Even when you get a deal on something at a dealer, they’ll still find a way to try and get some more money out of you to make up for the fact that you got said deal. Take how Hyundai covered an engine replacement for my car, but the dealer still said I needed to part with $800 for new hoses and belts. The main place things like this happen at dealerships is in the finance managers office. Going over those final contracts dealers will often try and sneak things in like extended warranty plans and gap insurance. Take a dealer that tried to sneak in $20,000 worth of extras on a customer.
This latest dealer grift comes to us by way of a tweet on X via friend of the site Zach Shefska of CarEdge and Ray & Zach on YouTube. In the tweet, Zach says that they recently helped a customer with a Lexus deal at Lexus of Englewood, New Jersey. Except when they got to the finance manager’s officer, they tried to throw on thousands of dollars in extras. Wanting a bit more info, I reached out to Zach for some more details.
He informed me that they helped the customer get their Lexus and negotiated $7,000 off sticker for the vehicle. Apparently, the dealer finance manager may not have liked that the customer got $7,000 off. Zach says they were informed of what the manager was trying to pull through a message from one of the guys working on the deal. “You gotta be kidding me,” read the message. Not long after the customer sent them over the vehicle contract.

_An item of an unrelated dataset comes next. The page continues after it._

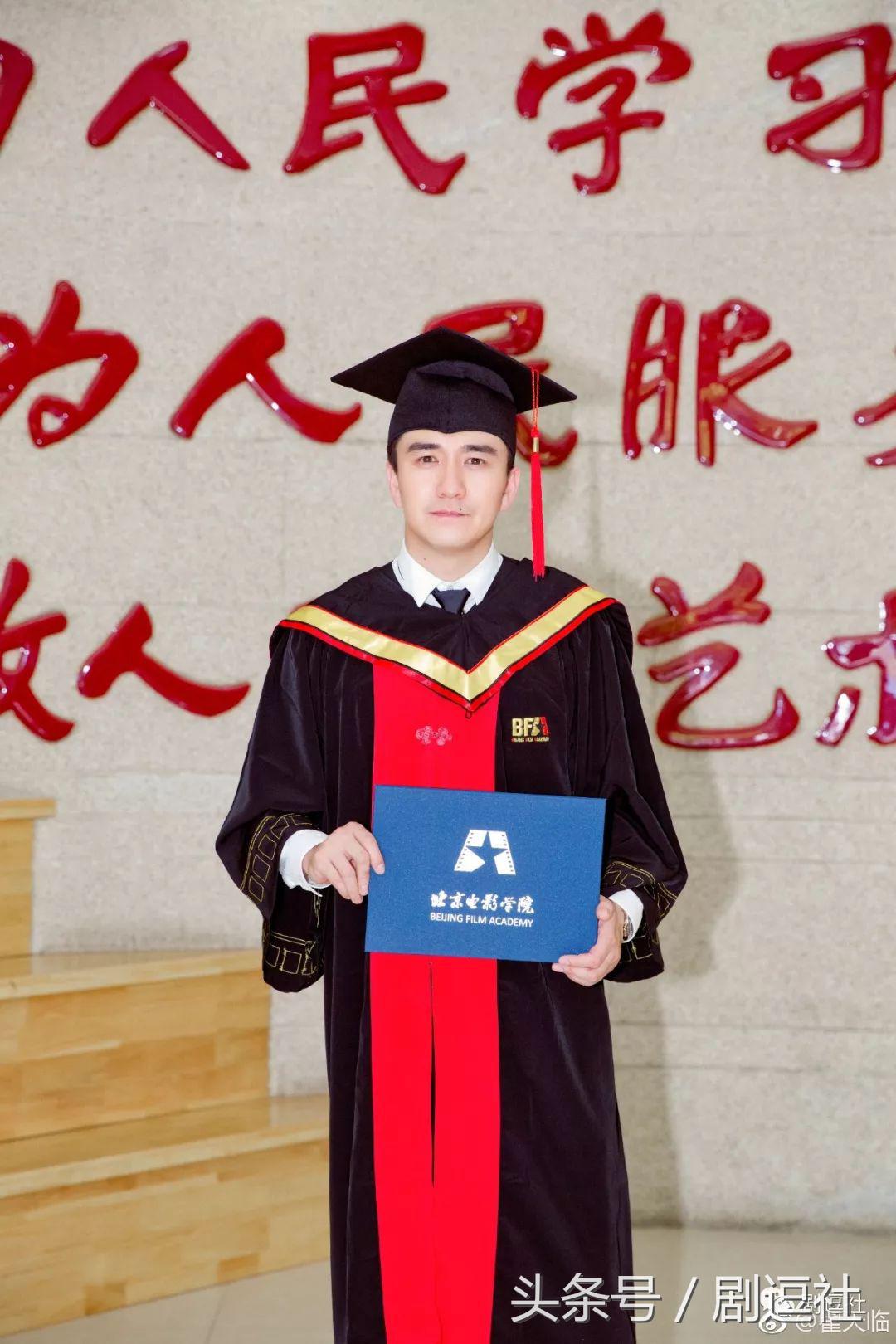 朱一龙连续29天唯一破九登顶,朱一龙蝉联第一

As you can see, the total vehicle price is just over $90,000. Yet the manager tried adding on nearly $21,000 in bullshit extras. A near $9,000 extended warranty on top of a $5,000 maintenance contract, another $5,000 for “tire wheel and product,” more insurance from Toyota for $1,200 and most egregious of all, $1,240 for an “optional sales commission.”

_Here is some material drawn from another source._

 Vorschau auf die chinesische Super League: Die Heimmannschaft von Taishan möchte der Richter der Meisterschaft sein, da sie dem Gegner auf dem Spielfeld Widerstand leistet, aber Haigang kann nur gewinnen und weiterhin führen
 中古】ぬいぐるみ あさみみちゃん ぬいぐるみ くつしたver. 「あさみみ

Surprisingly, Zach says they were able to get all the extra crap removed and the deal moved forward. Personally, seeing that would have been a deal breaker for me and I would have torn up the contract and walked. I’m sure though whoever’s buying that Lexus is a better person than I am.
And what of the sales manager that tried to pull a fast one? I asked Zach does he know what happened to them, he said he’s not sure. I’d bet money though that nothing happened and that the person is still sitting pretty in their office.

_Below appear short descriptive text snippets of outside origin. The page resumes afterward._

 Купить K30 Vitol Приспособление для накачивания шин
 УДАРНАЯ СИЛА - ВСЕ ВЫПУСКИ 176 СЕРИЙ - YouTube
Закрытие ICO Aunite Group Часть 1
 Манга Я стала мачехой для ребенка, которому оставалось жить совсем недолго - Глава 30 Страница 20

This is all just another example of why it’s important for every single line of a car sales contract to be read. Dealers will hate you for it, and they’ll try to explain it away as “Mumbo jumbo. Just sign on the dotted line.” Yet things like these sorts of extras often get snuck in because people don’t fully review the contact. Oh, if only the government had some kind of rule they could enact that would stop this sort of thing.